** Opening INPUT MATERIAL block **

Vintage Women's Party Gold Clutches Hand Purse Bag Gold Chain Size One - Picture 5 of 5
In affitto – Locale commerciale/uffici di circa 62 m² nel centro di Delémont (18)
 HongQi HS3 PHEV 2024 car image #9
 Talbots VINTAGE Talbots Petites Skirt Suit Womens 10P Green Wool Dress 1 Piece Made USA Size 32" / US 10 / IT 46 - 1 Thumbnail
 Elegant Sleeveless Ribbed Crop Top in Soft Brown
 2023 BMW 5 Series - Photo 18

** Closing INPUT MATERIAL block **

→ WORK INSTRUCTION
Transcribe exactly, and only, the lines from the one with "Talbots VINTAGE Talbots" through the last line of the data.

→ OUTPUT FOR THIS TASK
 Talbots VINTAGE Talbots Petites Skirt Suit Womens 10P Green Wool Dress 1 Piece Made USA Size 32" / US 10 / IT 46 - 1 Thumbnail
 Elegant Sleeveless Ribbed Crop Top in Soft Brown
 2023 BMW 5 Series - Photo 18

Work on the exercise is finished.